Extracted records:
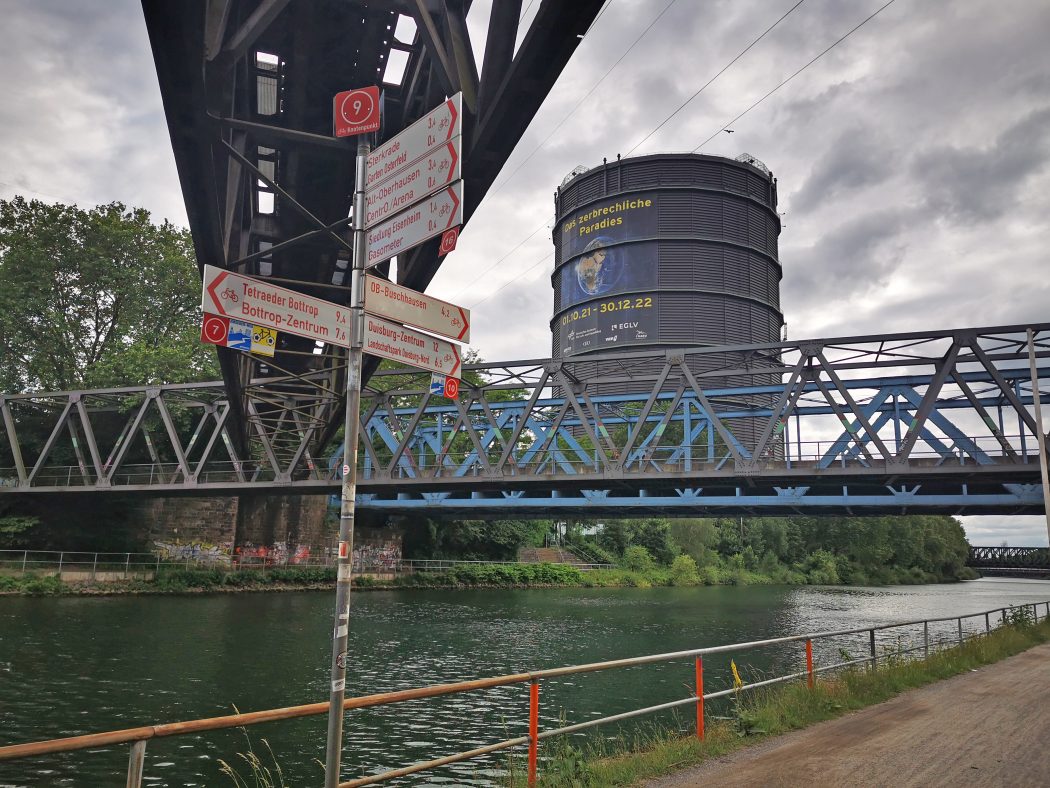 Das Foto zeigt den Knotenpunkt 9 am Rhein-Herne-Kanal und Gasometer Oberhausen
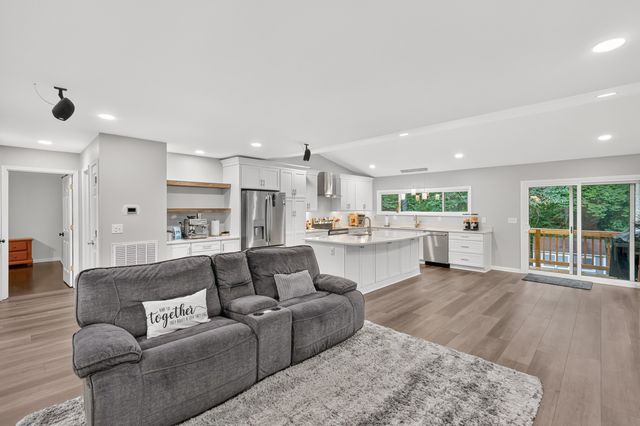 1011 Valley Ln, White House, TN 37188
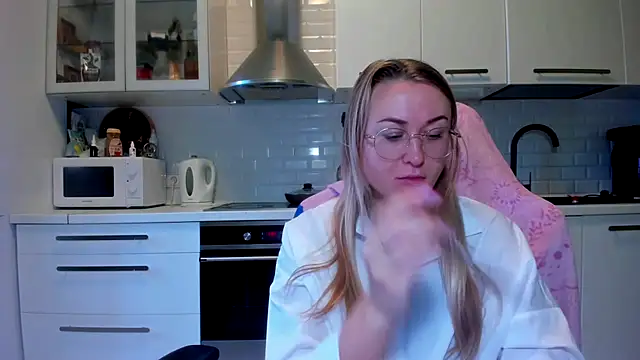 your Goddess Eva online show from 10.06.25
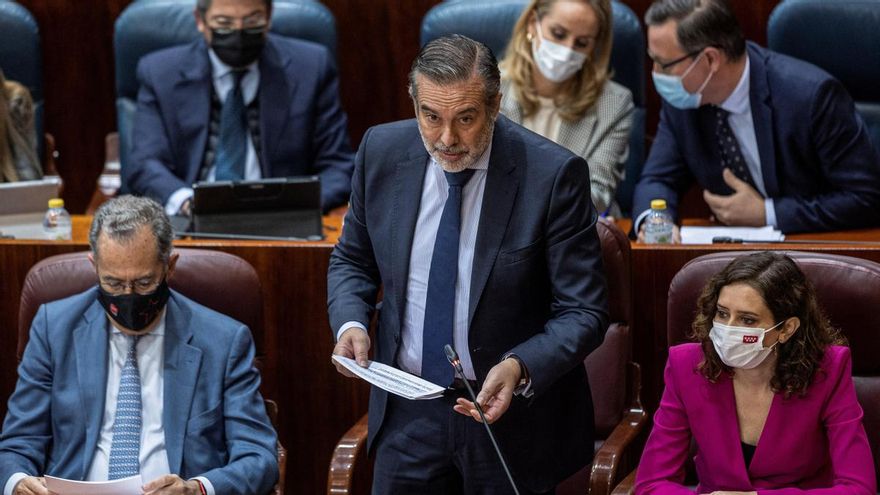 El consejero madrileño de Presidencia, Justicia e Interior, Enrique López (c), en una imagen de archivo. EFE/Rodrigo Jiménez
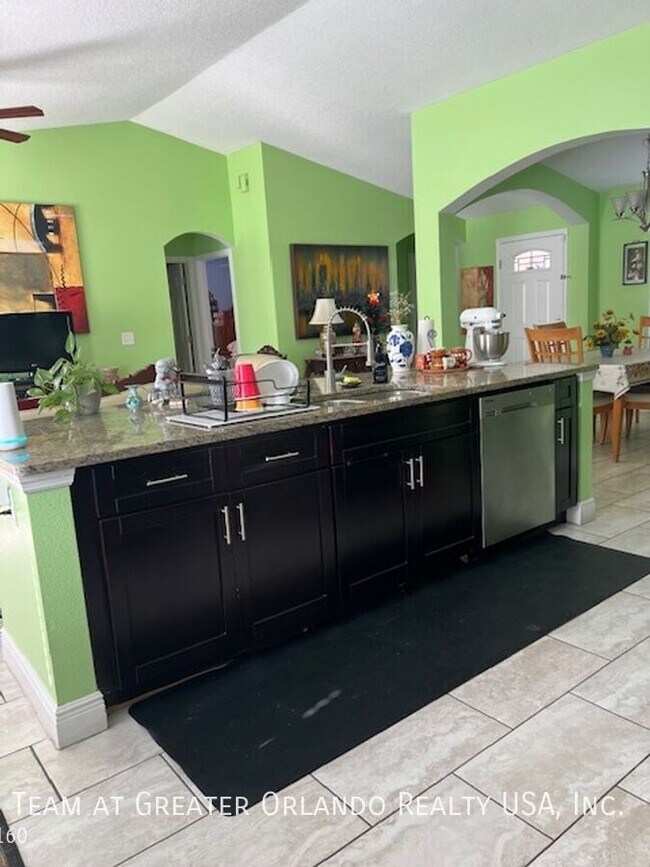 Building Photo - 197 Maple Dr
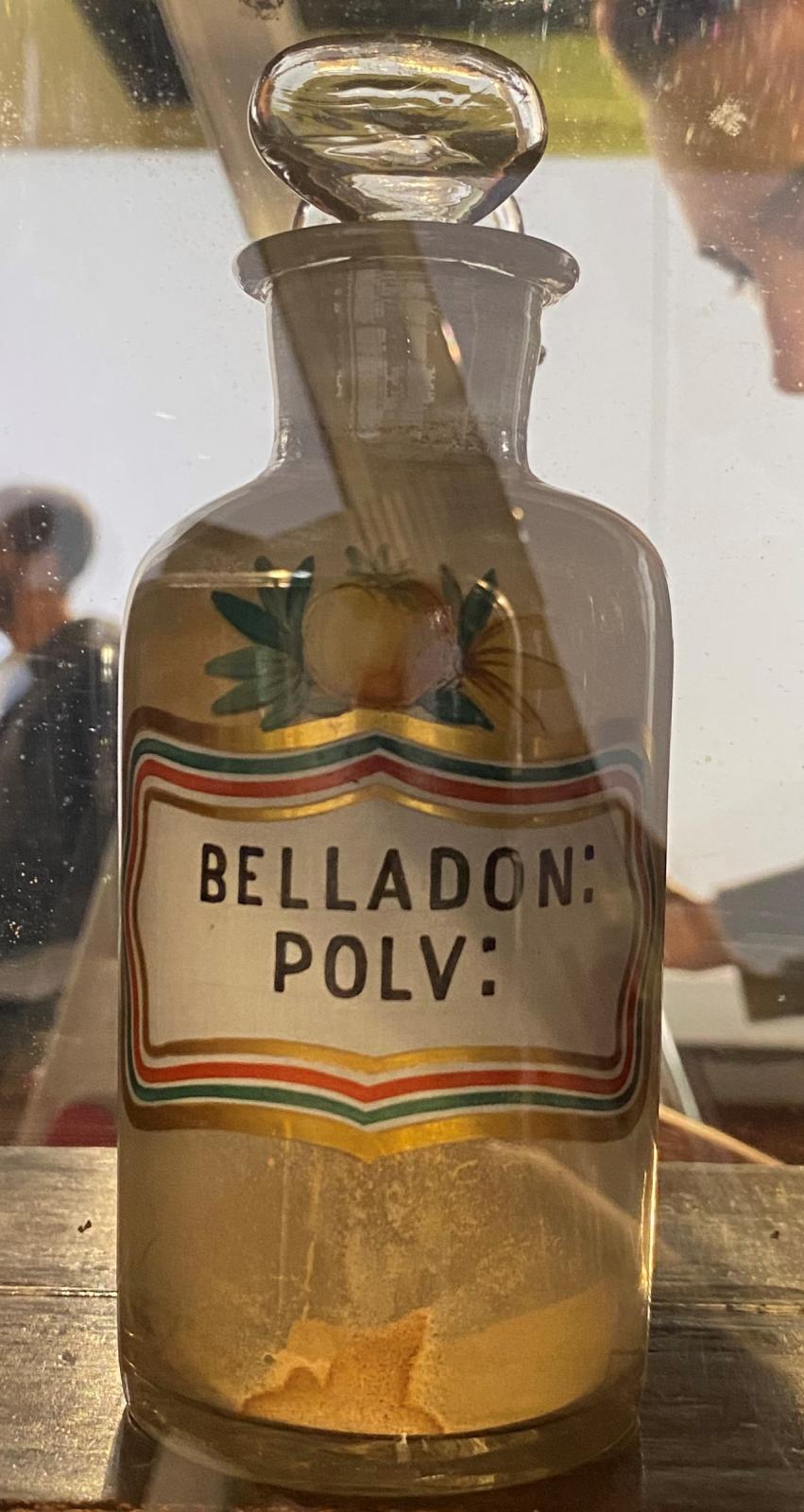 Frasco de vidrio pequeño de Belladona en Polvo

Your instructions |
Write out again exactly the lines from the start of the data above through the line containing "El consejero madrileño", inclusive, excluding any pictures.

Written reply |
 Das Foto zeigt den Knotenpunkt 9 am Rhein-Herne-Kanal und Gasometer Oberhausen
 1011 Valley Ln, White House, TN 37188
 your Goddess Eva online show from 10.06.25
 El consejero madrileño de Presidencia, Justicia e Interior, Enrique López (c), en una imagen de archivo. EFE/Rodrigo Jiménez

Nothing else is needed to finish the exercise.